*** Data excerpt ***

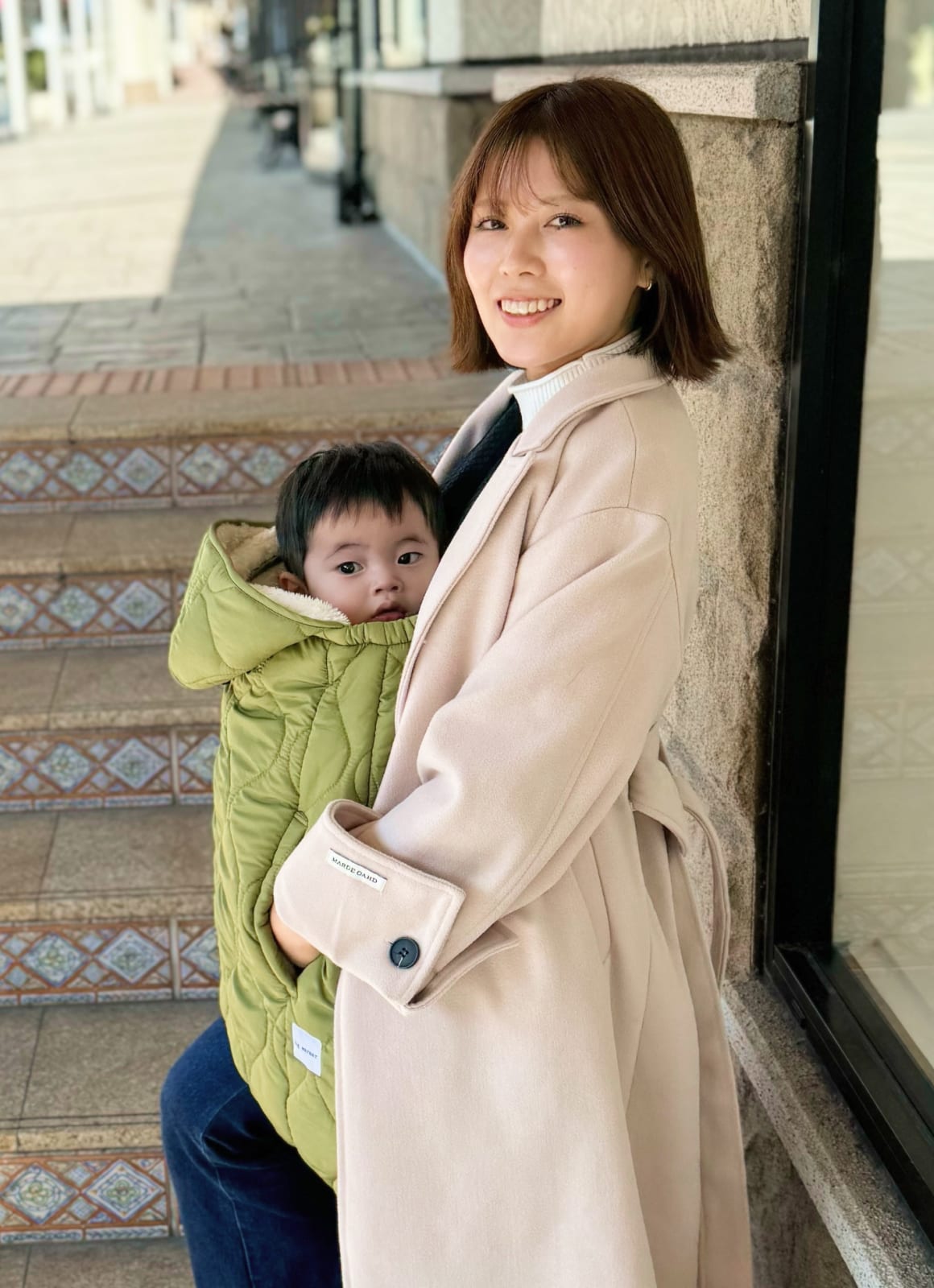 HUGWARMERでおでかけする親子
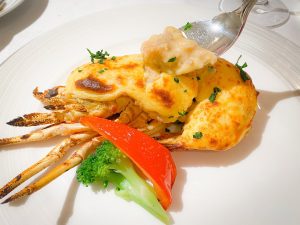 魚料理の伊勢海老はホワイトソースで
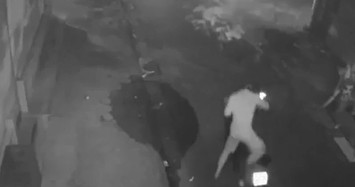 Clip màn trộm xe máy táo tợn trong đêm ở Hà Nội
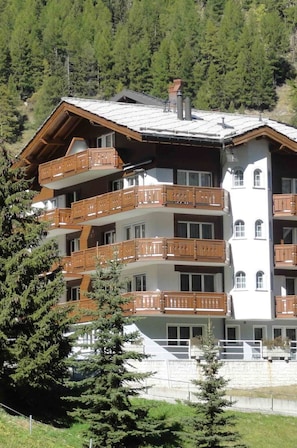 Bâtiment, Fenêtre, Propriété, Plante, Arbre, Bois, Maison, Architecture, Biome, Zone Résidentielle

*** End of Data excerpt ***

**Task to complete**:
Leave out the pictures, and retype exactly the lines from the one containing "魚料理の伊勢海老はホワイトソースで" through the last line of the data above, no more and no less.

**Written response**:
 魚料理の伊勢海老はホワイトソースで
 Clip màn trộm xe máy táo tợn trong đêm ở Hà Nội
 Bâtiment, Fenêtre, Propriété, Plante, Arbre, Bois, Maison, Architecture, Biome, Zone Résidentielle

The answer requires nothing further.